One of the few major industries, however, where the importance within a locale routinely defies the city’s relative size is in commercial airports. For example, Ohio’s Port Columbus International (CMH) sits squarely in the center of the country’s seventh most populous state and is within ninety minutes’ flying distance of over half of the nation’s population. It is by far the fastest growing and most economically healthy city in Ohio. Yet the passenger traffic (measured by the FAA) at the airports of Cleveland (CLE) and Cincinnati (CVG) eclipse Port Columbus by far; despite being a relatively slow-growth metro of similar size, Cincinnati’s passenger traffic nearly doubles that of Columbus. Future forecasts suggest this is unlikely to change. Conversely, Salt Lake City’s metropolitan area is only a little over half that of metro Columbus; its vigorous economy suggests that it will grow increasingly prominent over time, but at this point it has a long way to go to equal Columbus’ size. Yet its airport (SLC) receives triple the passenger traffic of its Midwestern counterpart.

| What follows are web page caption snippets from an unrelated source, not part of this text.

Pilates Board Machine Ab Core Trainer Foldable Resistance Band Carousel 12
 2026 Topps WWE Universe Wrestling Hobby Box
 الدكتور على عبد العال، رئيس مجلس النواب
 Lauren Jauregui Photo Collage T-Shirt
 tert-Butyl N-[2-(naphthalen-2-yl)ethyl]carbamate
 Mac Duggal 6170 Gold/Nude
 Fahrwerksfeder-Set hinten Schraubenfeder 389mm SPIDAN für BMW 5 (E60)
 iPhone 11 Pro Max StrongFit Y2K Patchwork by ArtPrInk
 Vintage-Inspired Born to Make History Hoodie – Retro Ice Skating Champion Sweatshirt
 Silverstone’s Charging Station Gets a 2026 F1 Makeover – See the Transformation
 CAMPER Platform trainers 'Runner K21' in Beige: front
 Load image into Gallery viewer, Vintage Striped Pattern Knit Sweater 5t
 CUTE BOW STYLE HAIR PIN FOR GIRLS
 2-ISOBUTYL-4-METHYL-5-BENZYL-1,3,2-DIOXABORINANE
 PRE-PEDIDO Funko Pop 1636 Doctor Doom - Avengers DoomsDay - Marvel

These disparities make fundamental sense, and it doesn’t require much scrutiny to see why. The biggest factors influencing the prominence of a city’s airport are 1) its historical size in relation to neighboring cities; and 2) its geographic proximity to other centers of commerce. In terms of both of these factors, the deck is stacked against Columbus. It was historically nowhere near as large of a city as Cincinnati just 110 miles away; the latter community achieved prominence at a much earlier date and therefore justified the aviation infrastructure worthy of its size. Columbus has only risen to the higher echelon of Midwestern cities in recent years. Meanwhile, Cleveland surged in the early 20th century to become Ohio’s largest metro, which it remains to this day (though if growth patterns in Columbus and shrinkage patterns in Cleveland continue, Columbus may eventually dethrone the Forest City). And Salt Lake City’s prevalence has less to do with its current impressive growth—it certainly didn’t demand a major airport forty years ago—than its relative isolation, with no other major city of any reasonable size within a 350 mile radius.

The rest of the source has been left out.